A reliable source of clean fresh water is a fundamental requirement for both good public health and economic health. Between now and 2030, Maryland’s population and demand for fresh water are projected to
increase by 15 to 20 percent State-wide, with higher rates in the faster growing parts of the State. These studies provide critical scientific information to ensure that our State’s fresh water sources are properly
managed to maintain adequate supplies to support our existing population and meet the demands of continued economic growth and development. These studies have been developed by MDE in cooperation with the Maryland Geologic Survey and the U.S. Geologic Survey as recommended by the Governor’s Advisory Committee on the Management and Protection of the State’s Water Resources.
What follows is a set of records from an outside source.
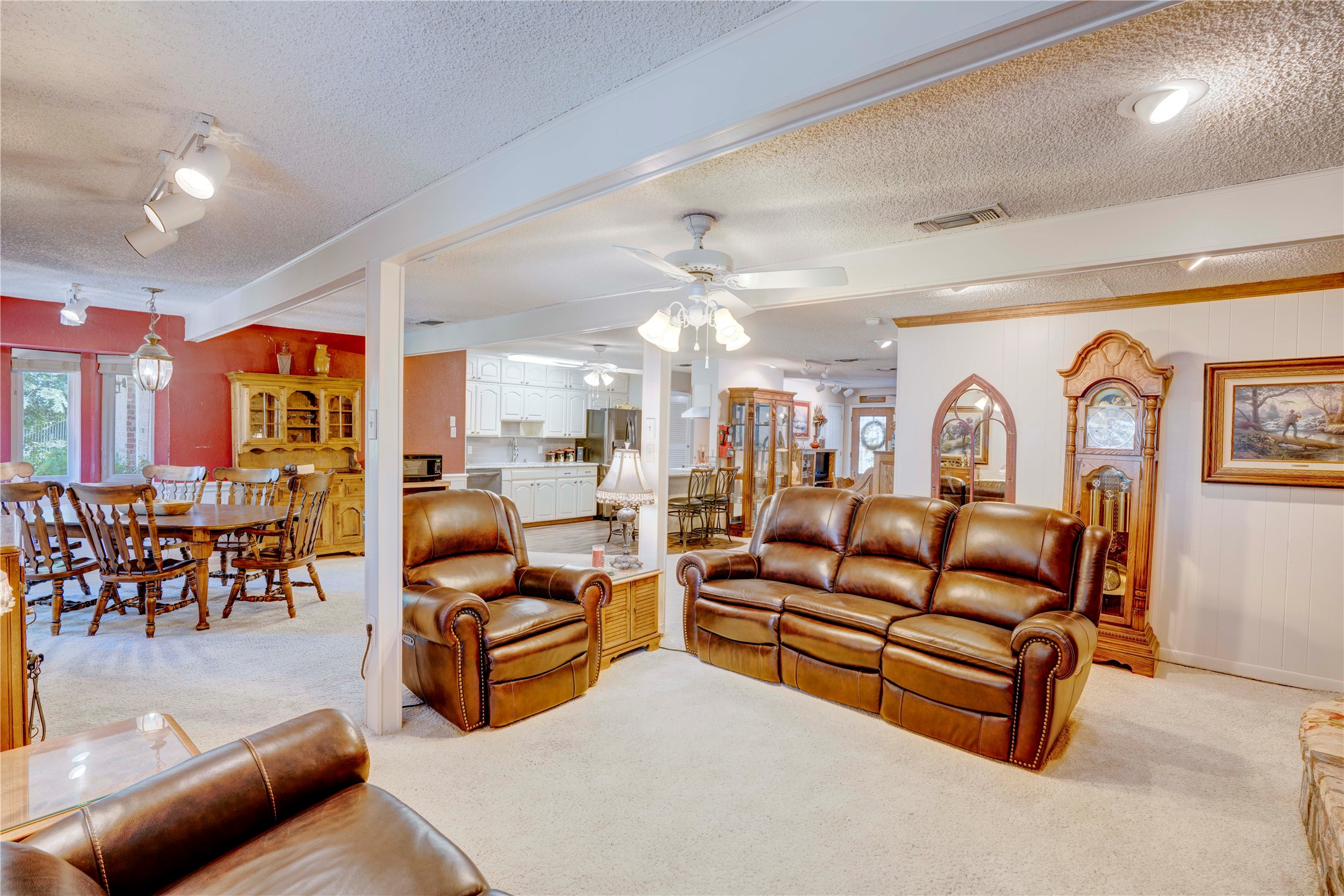 4905 Tracy Drive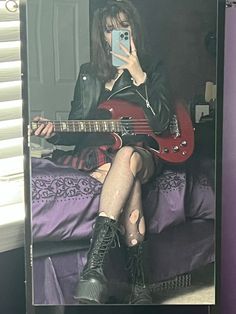 Fem Rockstar Aesthetic, Female Guitarist Outfit, Grunge Band Aesthetic Outfits, Rockstar Aesthetic Women, Rockstar Core Outfit, Girl Bassist Aesthetic, Bass Guitarist Aesthetic, Rock Core Outfit, Arabella Core Outfits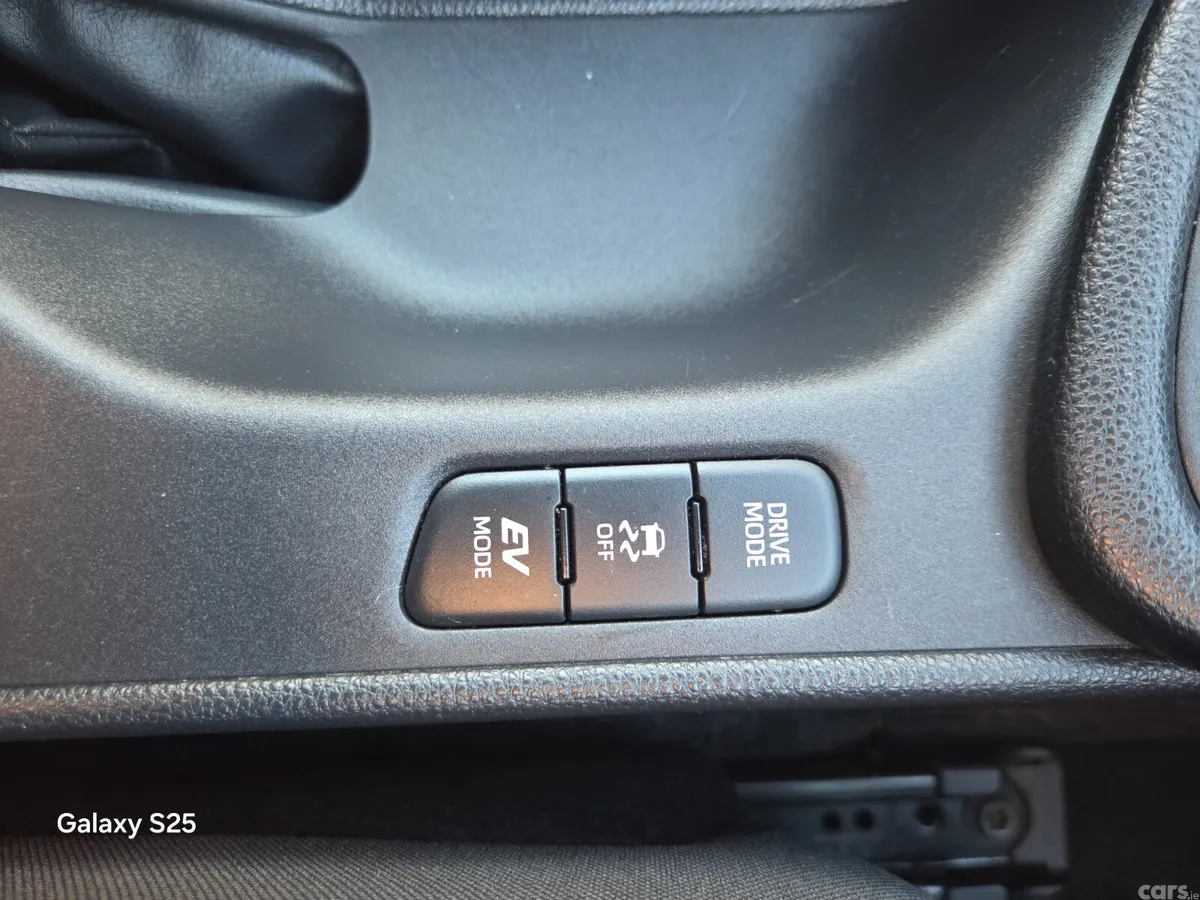 Toyota Yaris Hatchback, Petrol Hybrid, 2021, Blue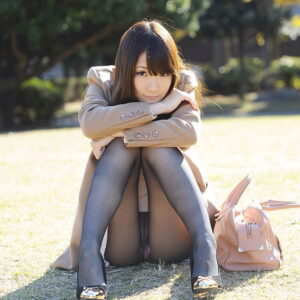 【しゃがみパンチラエロ画像】しゃがんでチラ見せするパンツとふっくら股間にムラムラ！？（199枚）※12/13追加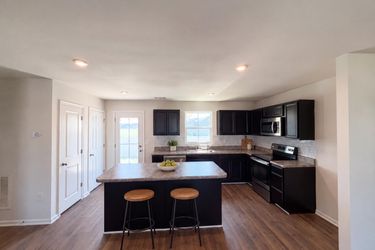 Photo 2 of 20 of 949 Blue Ash Way, Christiana, TN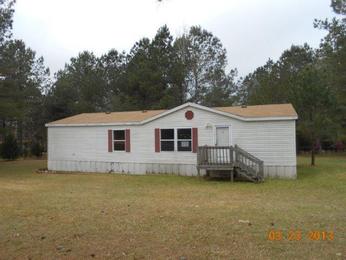 201 Slash Pine Ln, Lucedale, MS 39452 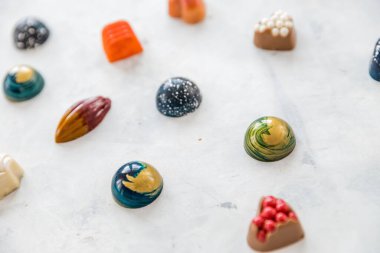 Çeşitli renklerde Belçika çikolatalı şekerleri. Üst görünüm kopyalama alanı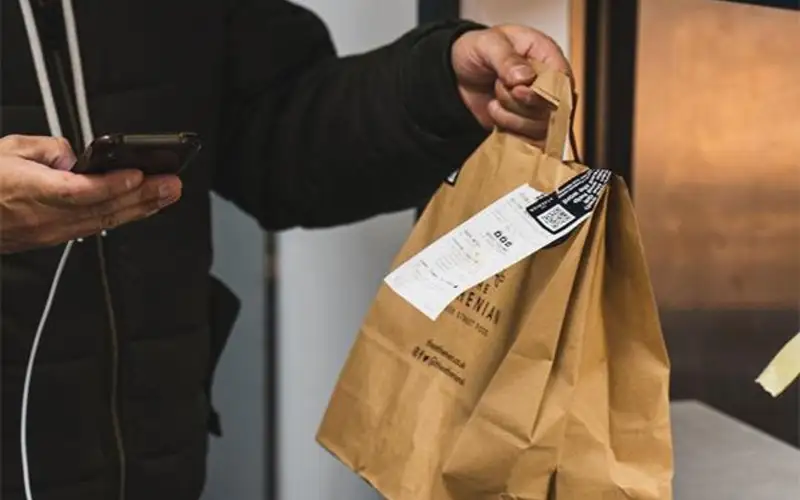 Қазақстанда тамақ жеткізу қызметіне қойылатын жаңа талаптар бекітілді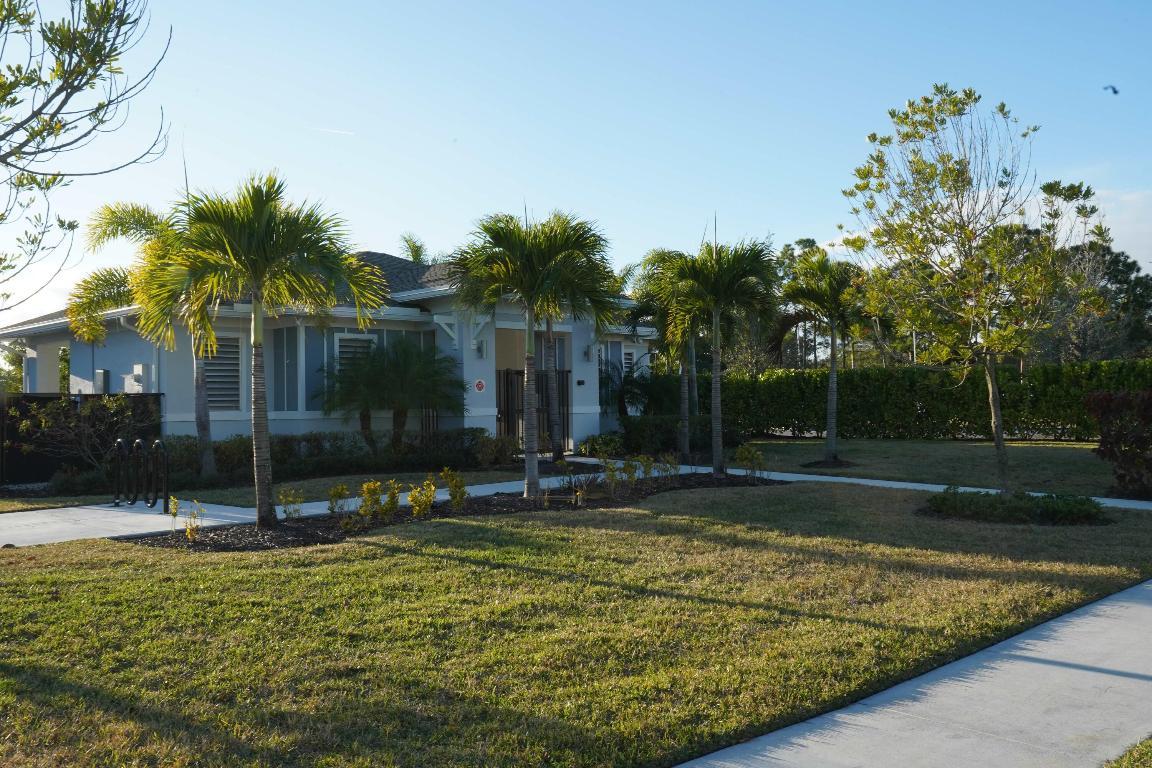 Image 3: club house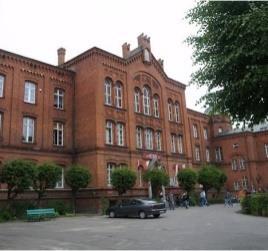 Oferta wsparcia opiera się na rozwoju kompetencji kluczowych, które mają doprowadzić do podniesienia wiedzy uczniów, pozwalającej na zadowalającym poziomie zdać egzamin maturalny i podnieść kluczowe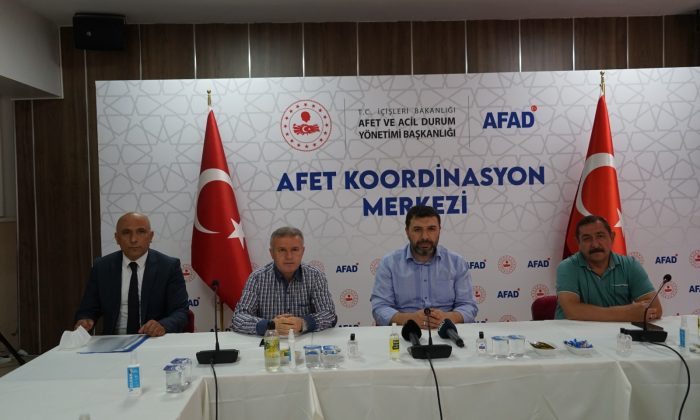 Afet bölgesi esnafına 80 milyon lira kredi desteği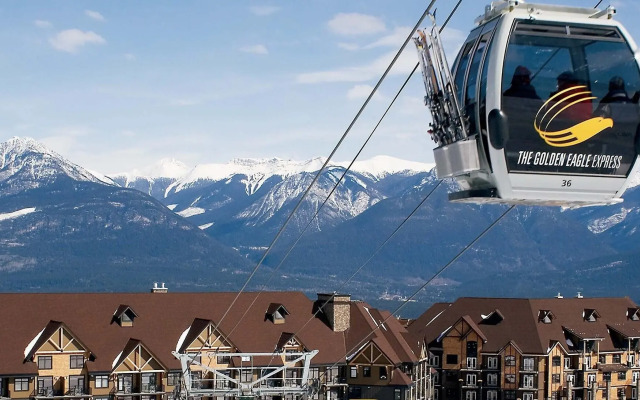 Glacier Mountaineer Lodge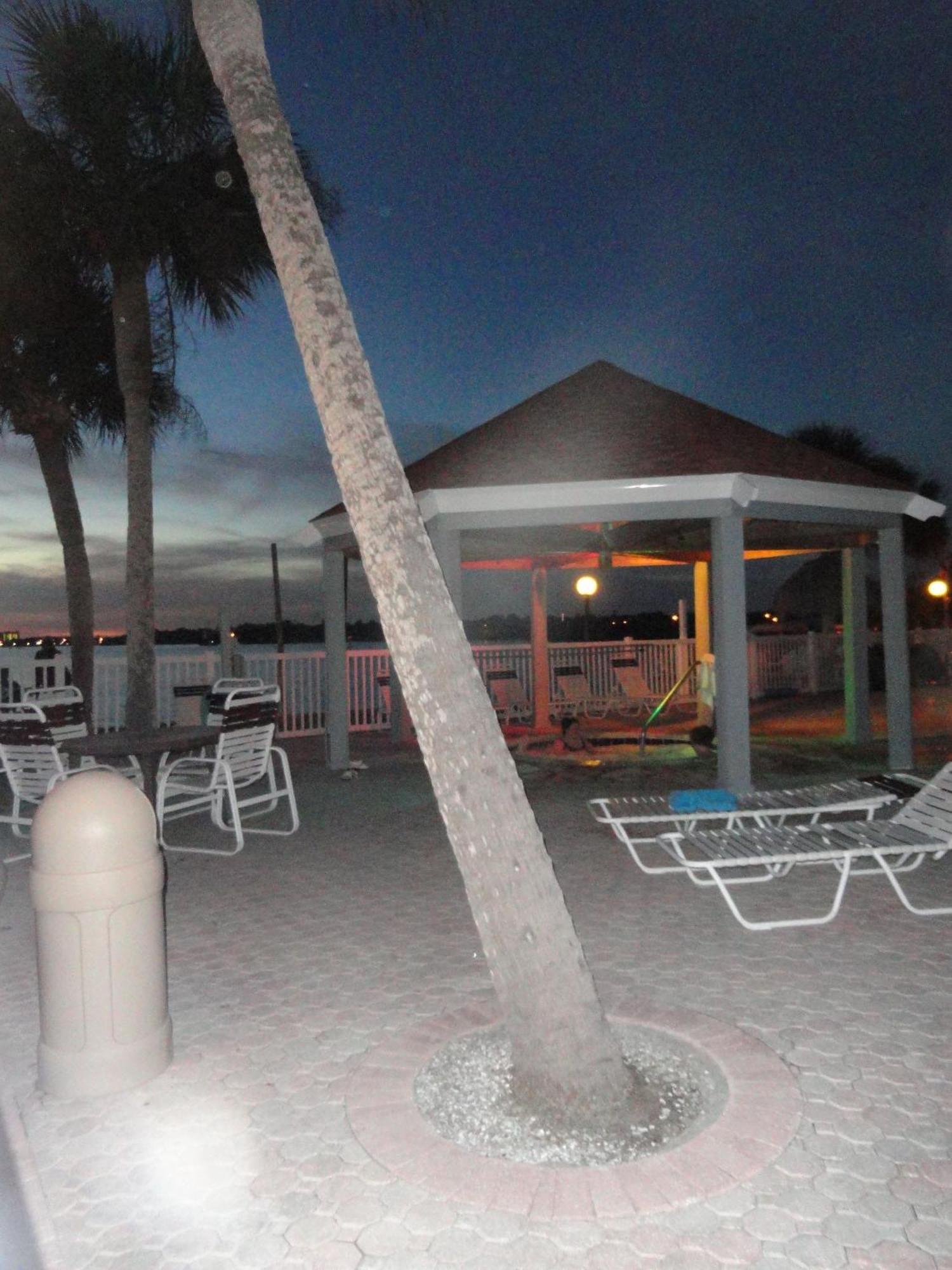 Affordable Two Bedroom Tropical Condo - Private Beach, Pools, Hot Tub St. Petersburg Eksteriør bilde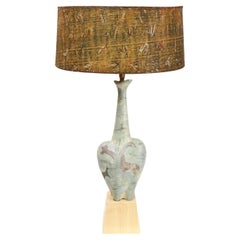 Marc Bellaire Keramiklampe mit primitivem Lascaux-Motiv und Glasfaserschirm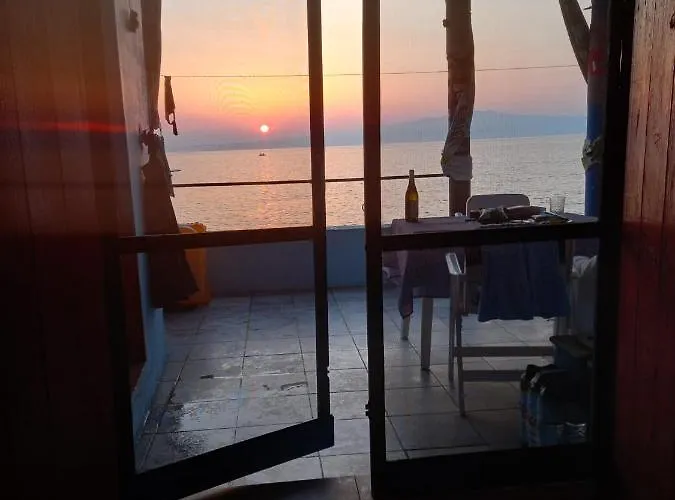 Apartment Amfialos *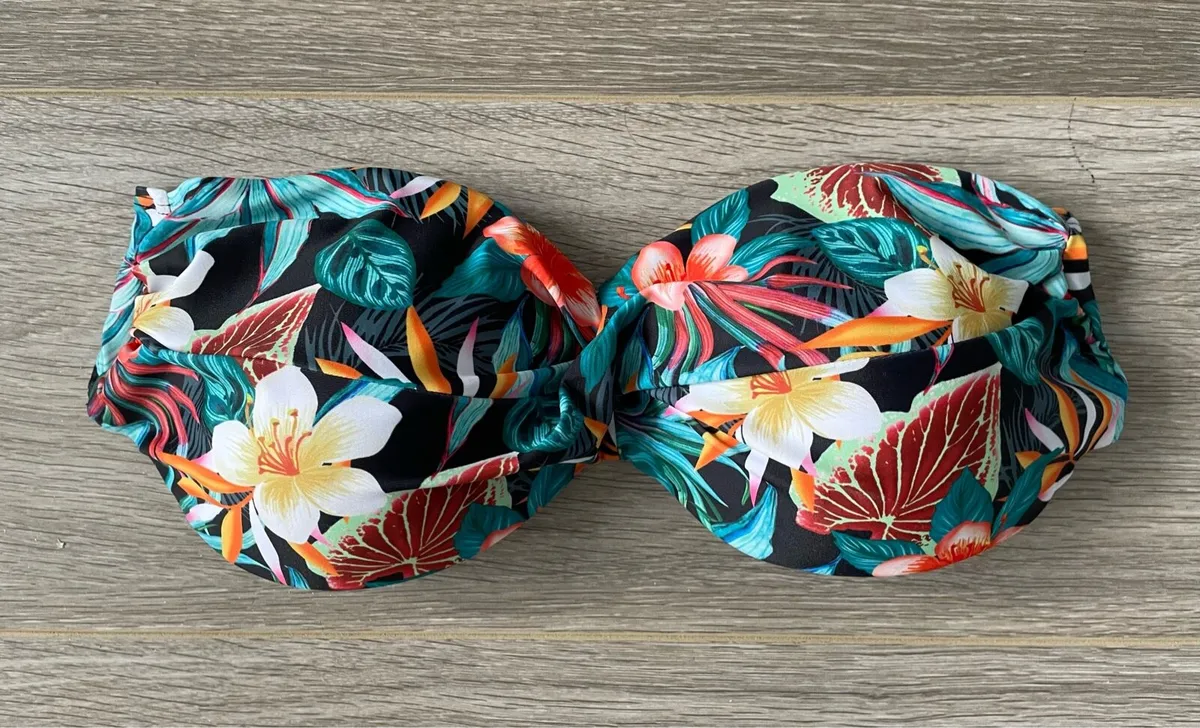 BRAND NEW Bikini Large - Image 2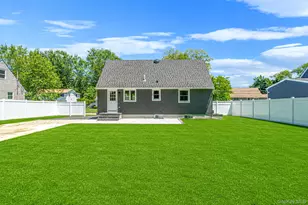 14 Reizen Ave, Centereach, NY 11720 - Photo 4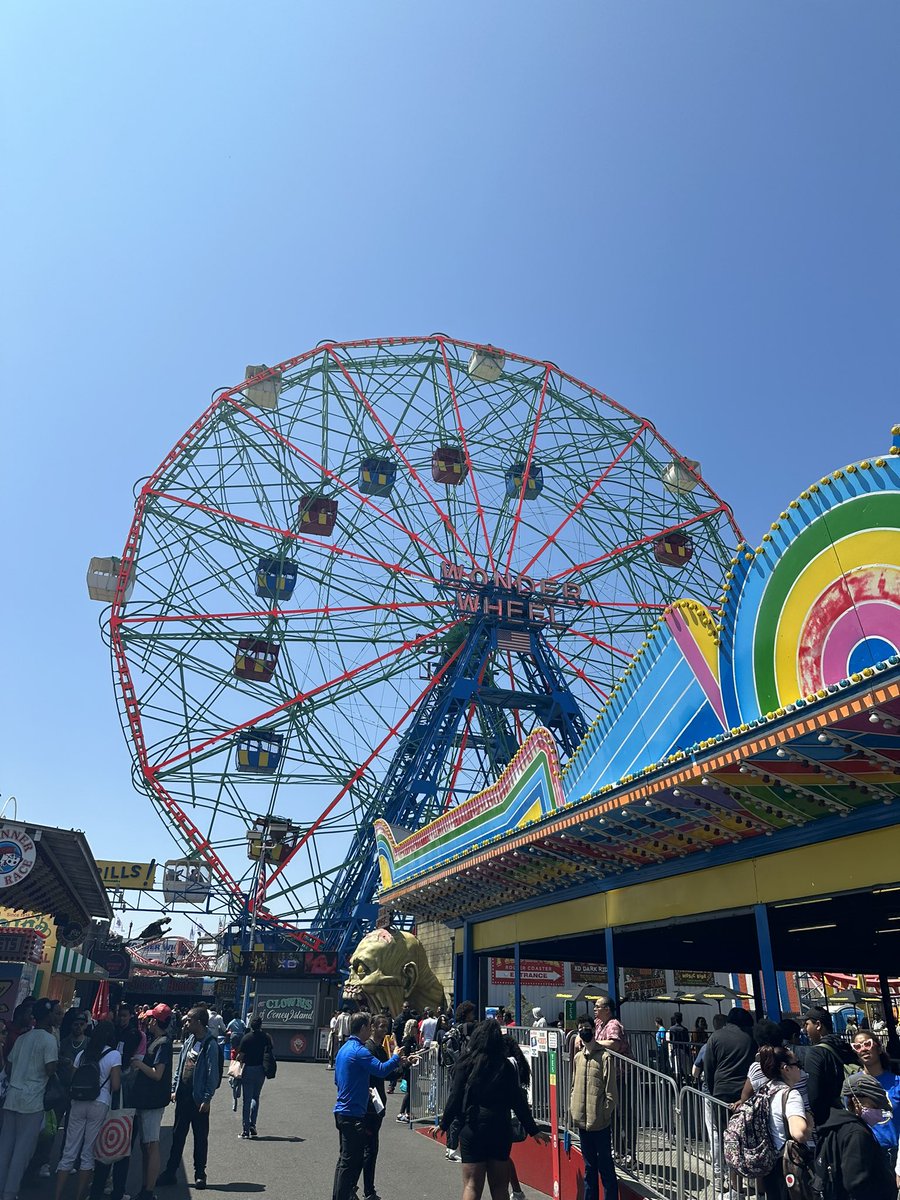 Mayor’s trip to Coney Island!! @NYCMayor @coneyislandusa P4Queens @p4_queens is representing!!! 🎡🎠🎢 D75 does it best!! @D75Office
The Advisory Committee was established by the Governor at the request of 72 legislators following the drought of 2002, which caused many water systems in Maryland to run short of water and required the imposition of State-wide water use restrictions. It is only a matter of time before the State will face the next drought. In the mean time, demand for water is continuing to increase, particularly for public supplies, thermoelectric power generation and agricultural irrigation.
It is not feasible for local governments to pay for these studies. Aquifers cross many boundaries and allocation of expenses would be problematic. Local governments also have no source of funding for this type of scientific assessment work. This is a State responsibility.
MACo appreciates the department outreach, and the resistance to the suggested cost shift. (See previous Conduit Street coverage of this issue)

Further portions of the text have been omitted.